§ Exercise brief
Repeat every line of the data exactly; no picture belongs in the copy.

§ Source data
#####

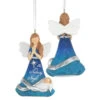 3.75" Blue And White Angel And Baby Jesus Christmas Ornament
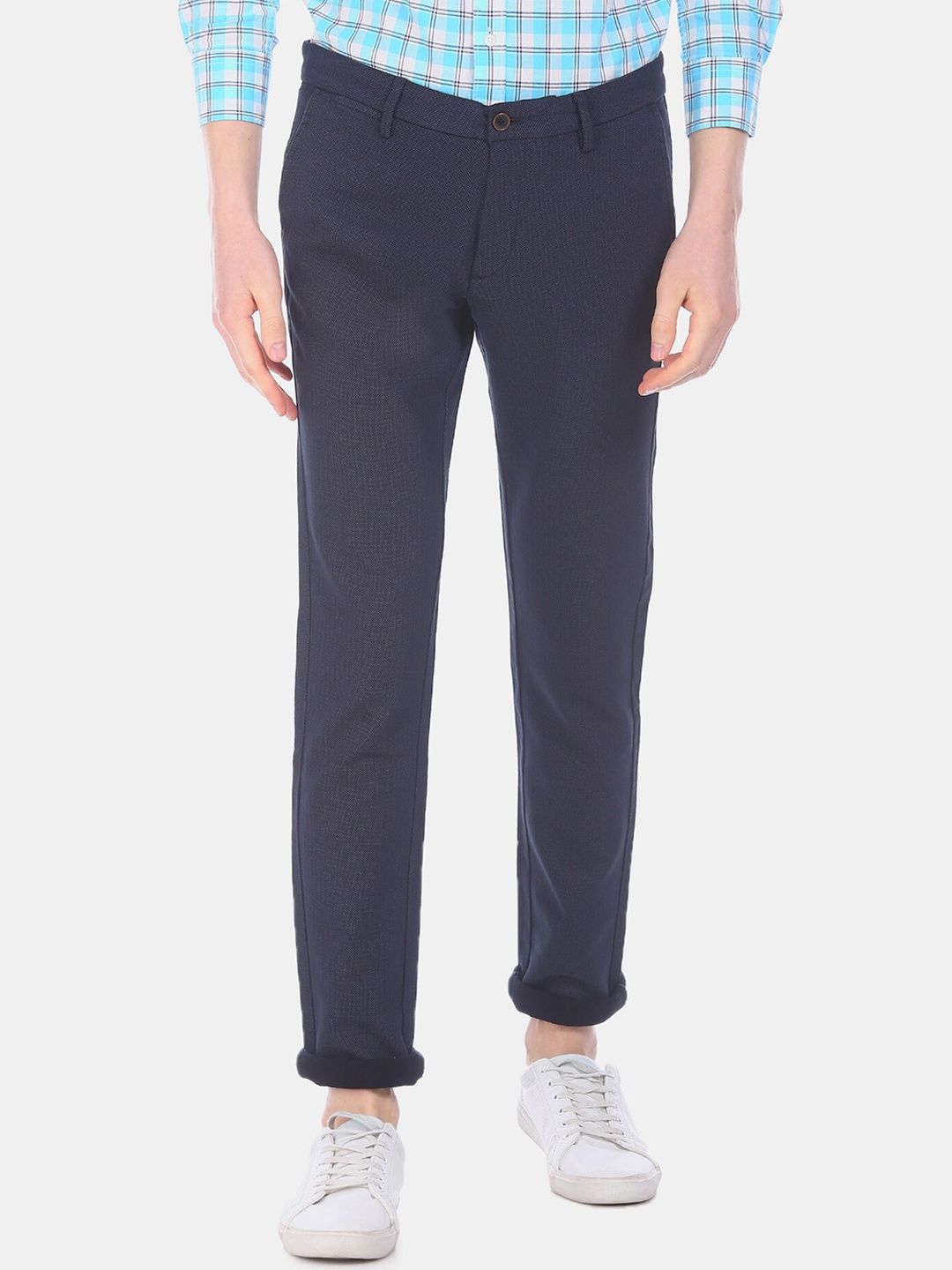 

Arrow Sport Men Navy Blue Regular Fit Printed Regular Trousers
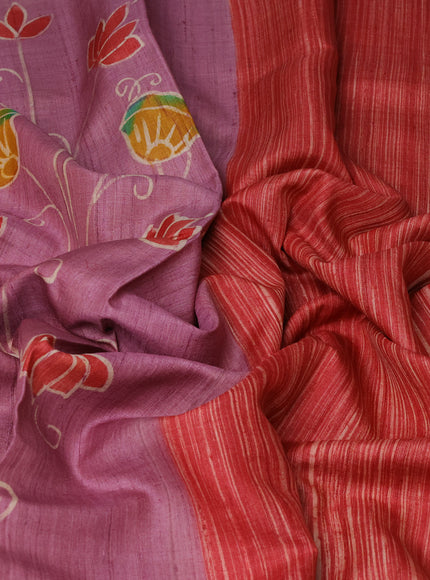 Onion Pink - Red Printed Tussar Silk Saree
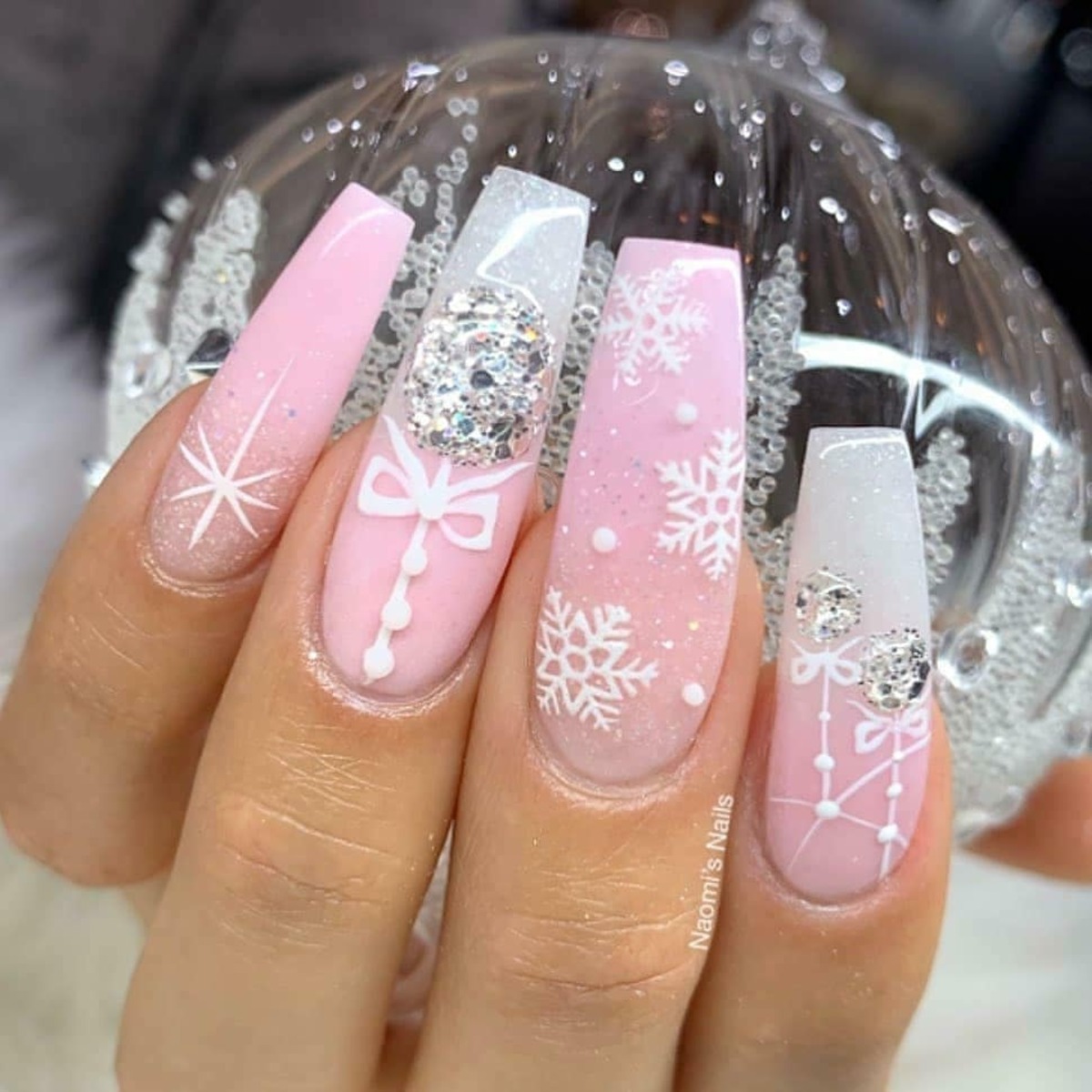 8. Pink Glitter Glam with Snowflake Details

#####

§ Solution for this exercise
 3.75" Blue And White Angel And Baby Jesus Christmas Ornament

Arrow Sport Men Navy Blue Regular Fit Printed Regular Trousers
 Onion Pink - Red Printed Tussar Silk Saree
 8. Pink Glitter Glam with Snowflake Details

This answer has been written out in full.